**WHAT THE TASK ASKS**
The data must be reproduced verbatim; images are to be omitted.

**SUPPLIED MATERIAL**
• • • • • • •

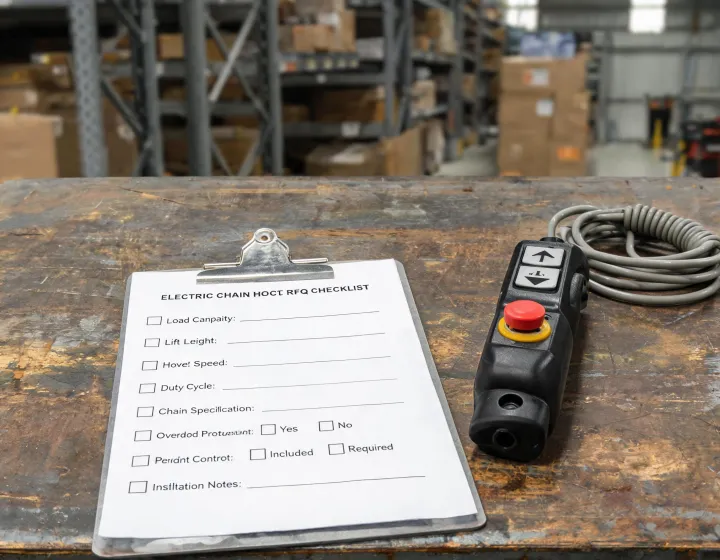 Checklist for heavy duty electric chain hoist rated capacity, lift height and voltage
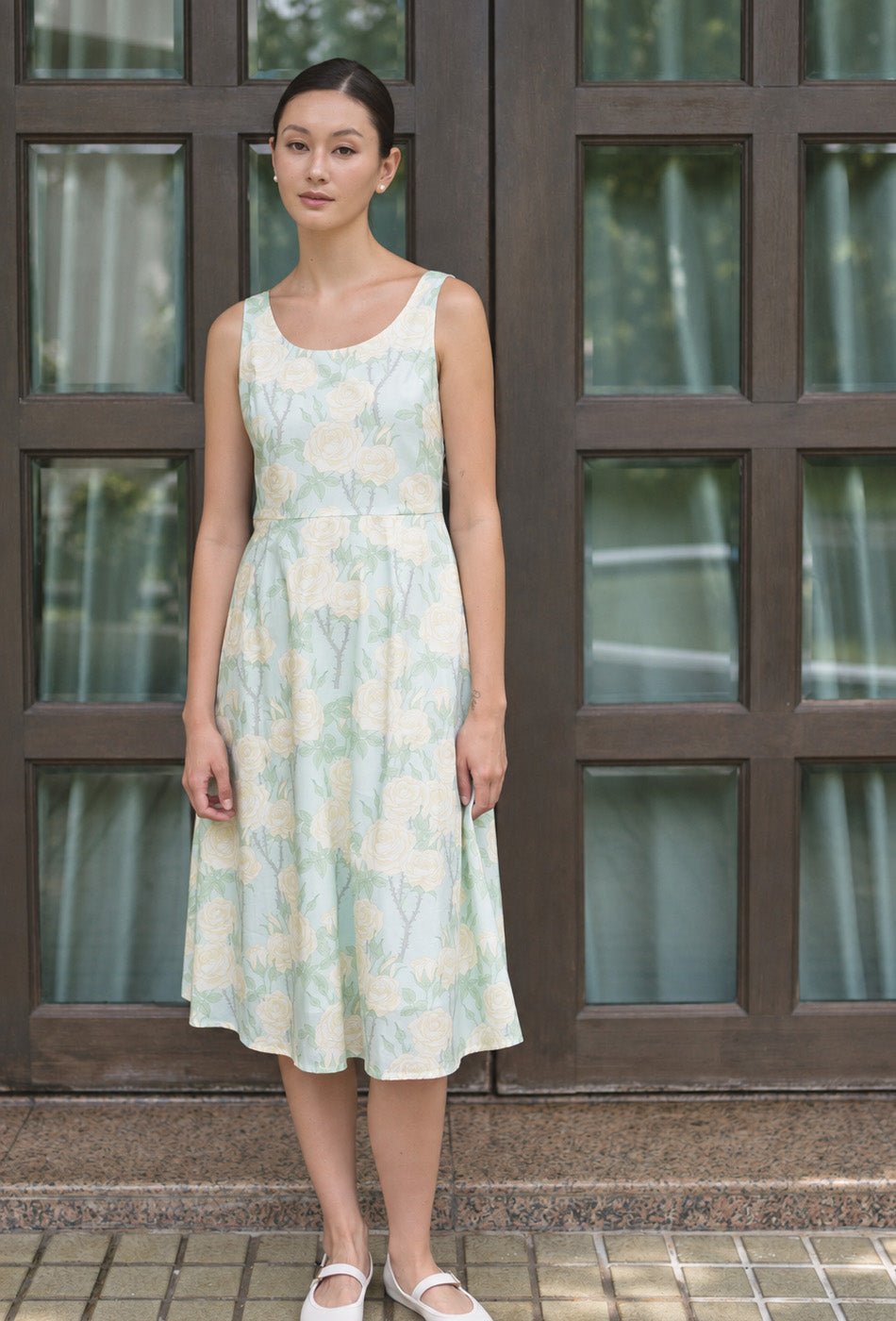 The Classic Scoop Cotton Dress in Minted Rose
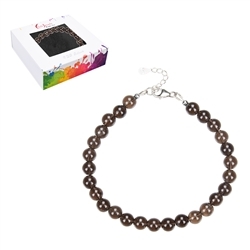 0612859060 Bracelet Smoky Quartz, 6mm beads, extension chain, rhodium plated | Marco Schreier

• • • • • • •

**OUTPUT OF THE TASK**
 Checklist for heavy duty electric chain hoist rated capacity, lift height and voltage
 The Classic Scoop Cotton Dress in Minted Rose
 0612859060 Bracelet Smoky Quartz, 6mm beads, extension chain, rhodium plated | Marco Schreier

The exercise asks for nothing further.